恵まれない幸せ
恵まれる不幸せ
ダイソウ産業 矢野博丈
これは今では有名なダイソウ産業の創業者、矢野博丈氏の苦難の人生から生まれた言葉である。
氏は大学生時代に結婚して、広島の妻の実家の後を継ぐが多額の借金を抱えて夜逃げをする。
東京までの妻と子供達との逃避行は後年になり同じ道の風景を目にする度に涙が止めどなくあふれてきたと言うことです。
東京に出てきてからも苦難は続き五年間で9回の転職を重ねた。
ああ、運命の神様は俺のことを毛嫌いしているんだ。
と、強い挫折感にうちひしがれたという事です。
29歳の時に見よう見まねで当時賑わっていた雑貨販売の仕事を始め、公民館や空き地での販売に出かけて居た。

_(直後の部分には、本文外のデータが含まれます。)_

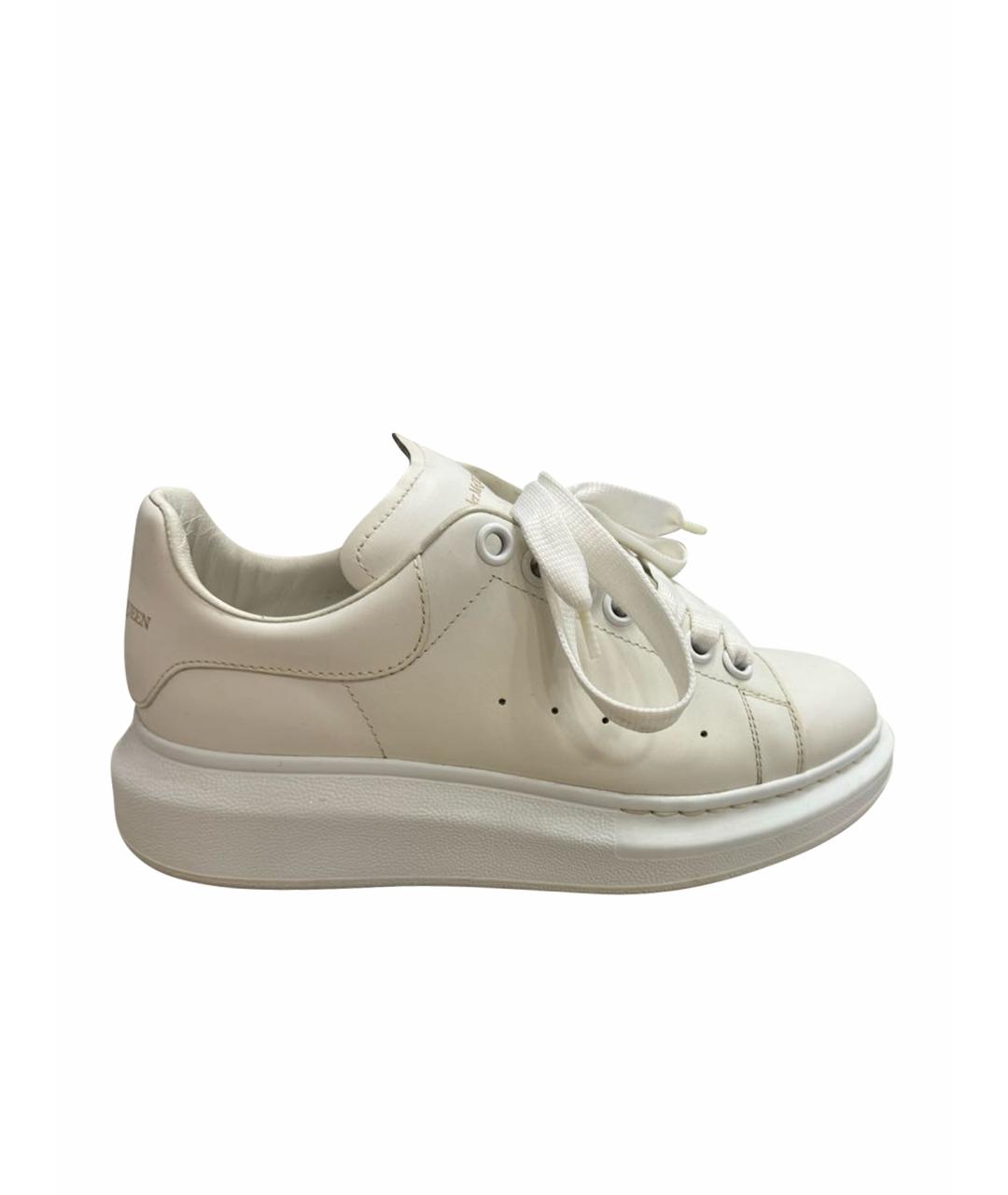 ALEXANDER MCQUEEN Белые кожаные кеды, фото 1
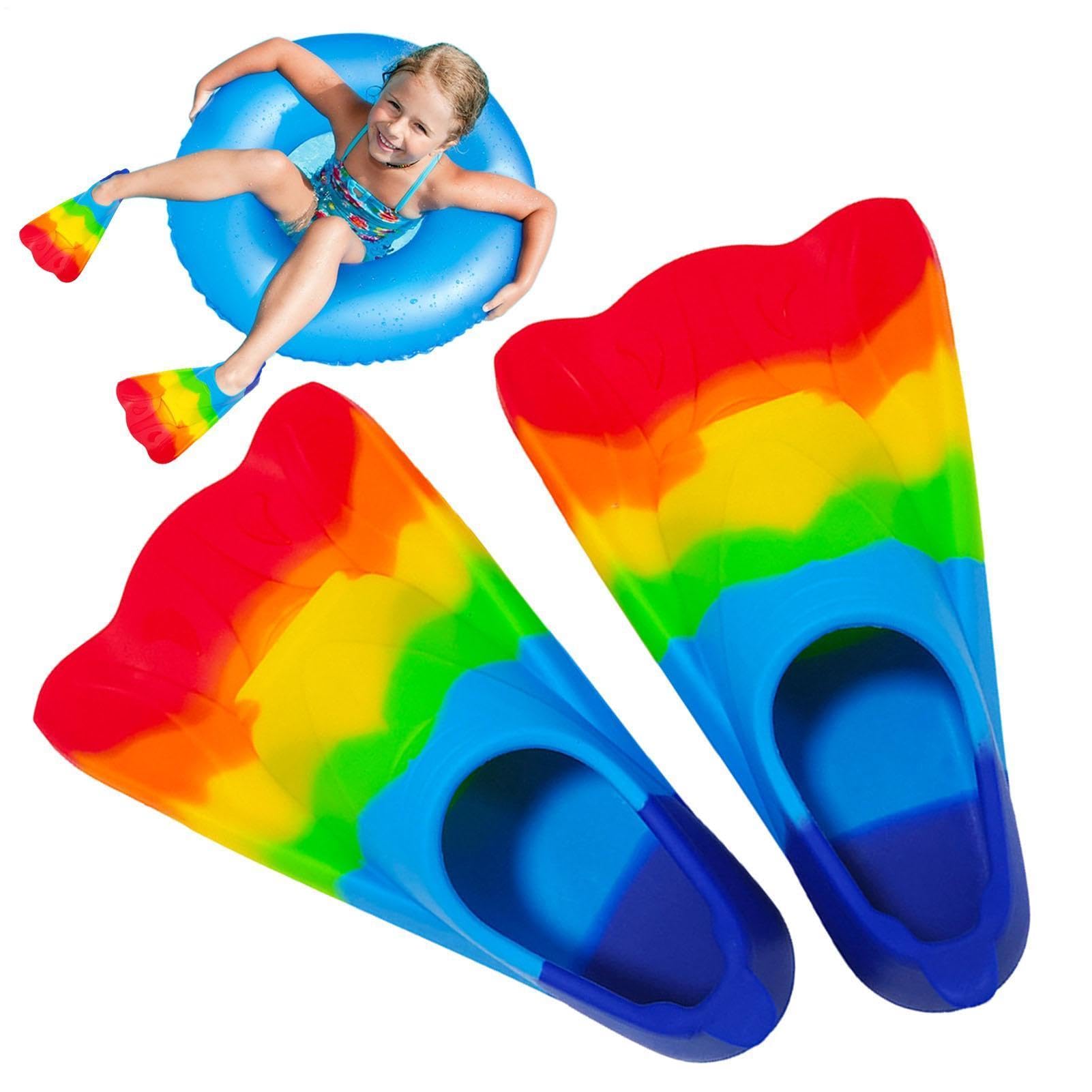 Palmes de natation arc-en-ciel portables de 218 cm, palmes d'entraînement en silicone, avec système de palmes, unité de conception légère, équipement facile à porter, palmes de natation courtes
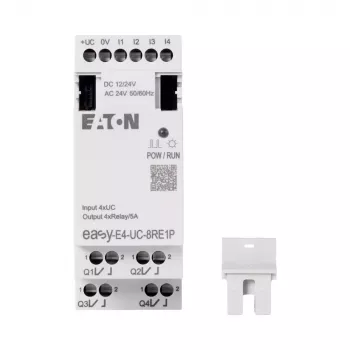 Eaton EASY-E4-UC-8RE1P paplašinājuma modulis, 8 releju izejas, 12/24 V DC, 24 V AC, DIN sliedei 197510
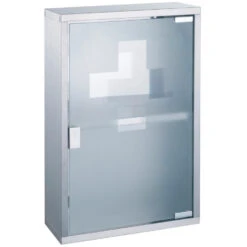 MSV Medicijnenkastje/EHBO Spullen - Rvs Met Glas - 30 X 45 X 12 Cm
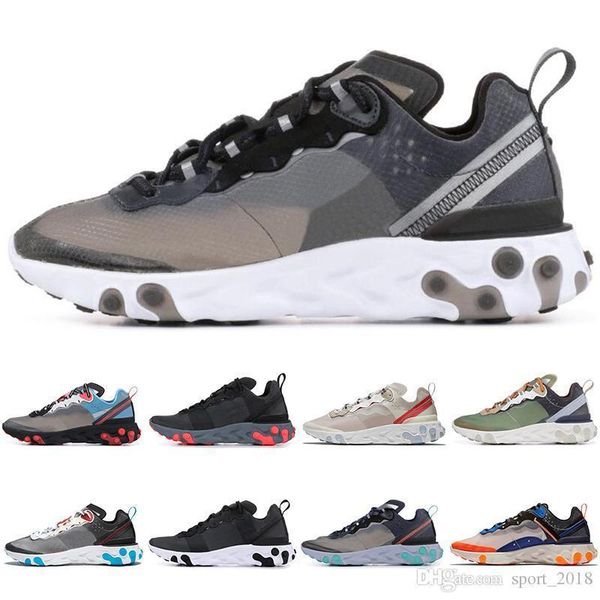 

element react 87 undercover men women running shoes green black designer sneakers sports mens presto trainers chausseures 36-45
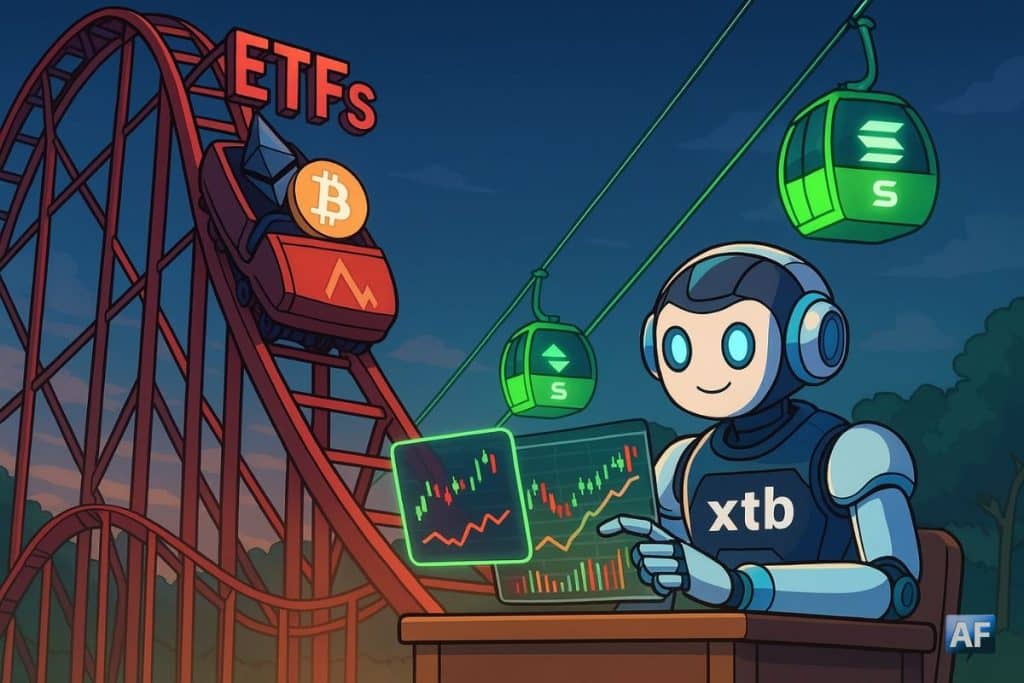 Des montagnes russes montrent les ETF Bitcoin et Ethereum en descente, tandis qu'un télécabine emmène Solana vers les hauteurs et qu'un robot trader XTB consulte des courbes.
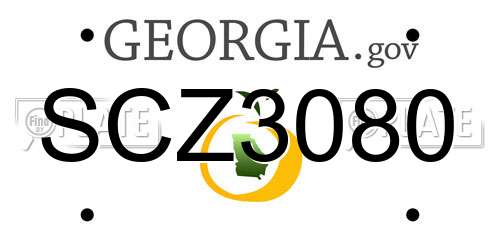 SCZ3080 Georgia License Plate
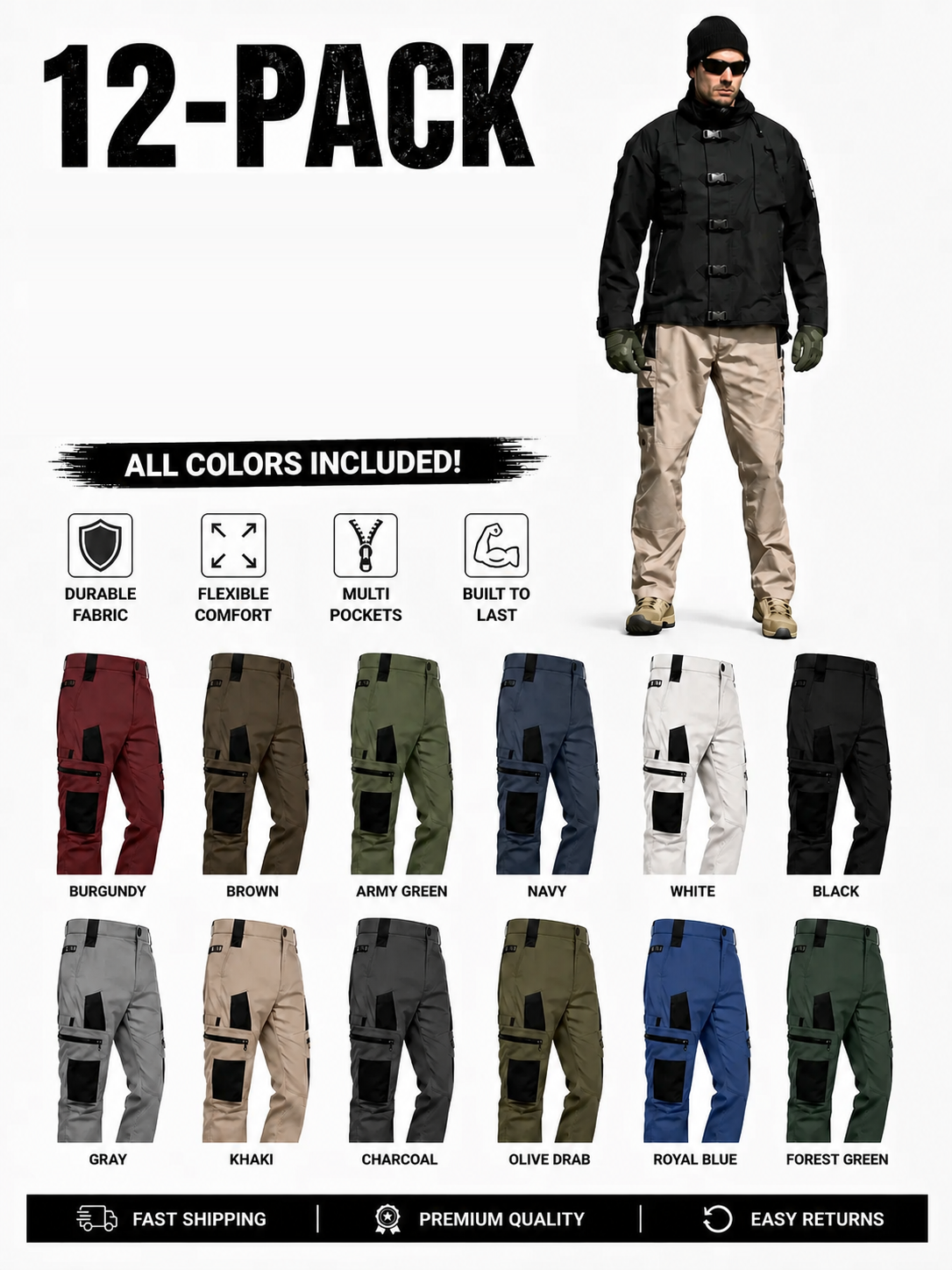 Men's Outdoor Tactical Pants Multi-Pack - 12-Pack · All 12 Colors · $37.59
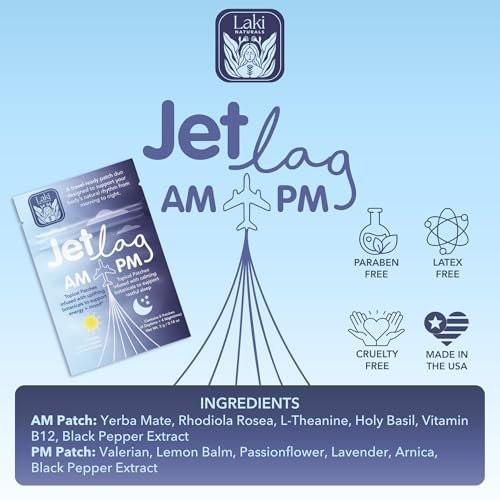 Laki Naturals Jet Lag AM & PM Travel Patches (1 Count, Pack of 8) – Natural Day & Night Support for Travelers – Energy, Focus & Restful Sleep – with B12, Valerian, Lavender & More - görsel 10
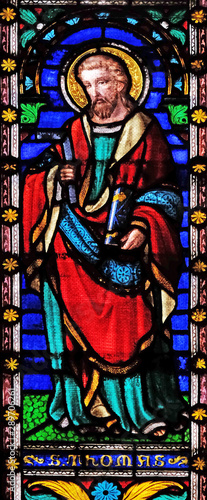 Saint Thomas the Apostle, stained glass window in the San Michele in Foro church in Lucca, Tuscany, Italy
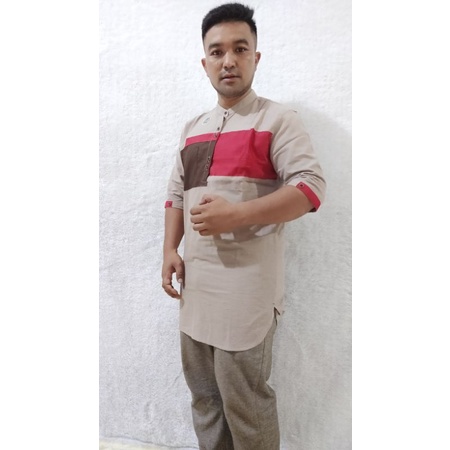 Baju Koko kurta Katun Kombinasi terbaru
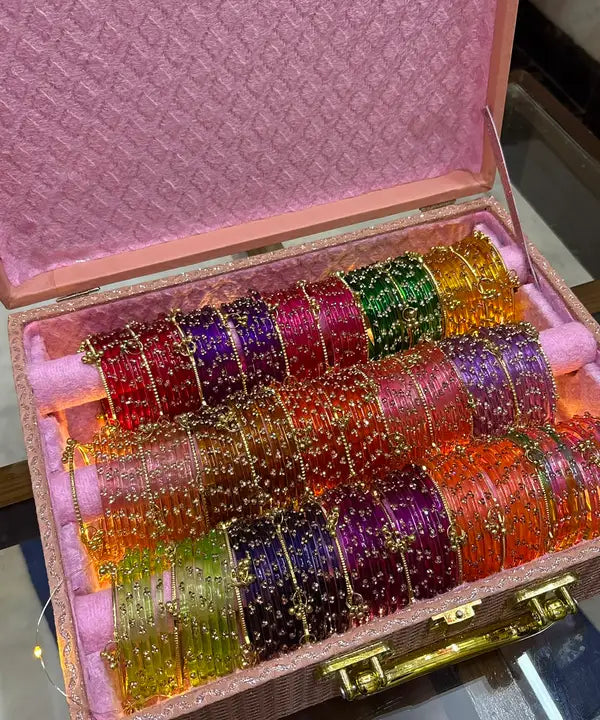 Premium  Bangle  Box With Name (180 Bangles + 33 Ghungroo Bangles + Light)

ある日、雨が降っていて本日は休もうと思って居たら、10時頃には晴れたので慌てて現地に着くと、大勢のお客さんがチラシを抱えて待っていた。
いつもはお客さんが来る前に品出しや値付けをして居たが、お客さんが箱を開けて、これは幾らとあちこちで聞いてくるので、ええいめんどくさい、ぜんぶ100円でいい、というと飛ぶように売れたという事です。
これが100円ダイソウの原点だと言うことです。
その後も火事に遭ったり苦難は続いたという事ですが、あるお坊さんの言葉に人生の考え方を知り、人一倍の艱難辛苦は女神に見限られているにではなく、運がいいのかもしれないと思うようになったと言う。
それから少しずついいことが続くようになっていったという。
氏は苦難が大きかったので入社式でいずれこの会社はつぶれると言って来たという。
だから危機感が強く常に変化と新製品を出し続けてお客様を飽きさせない。
恵まれない幸せ、恵まれる不幸せは、氏の艱難辛苦の中から生まれ来た。
現在、女子卓球の世界がこのことばの通りに動いている。
伊藤美誠選手がパリ五輪個人を落ちた。
変わりに女子個人代表は早田選手と平野選手というどちらもリオと東京で補欠になり代表選手の練習相手になり恵まれない時を過ごした。
そして今幸せを手にした。
今度は伊藤選手が恵まれない幸せを手にする番である。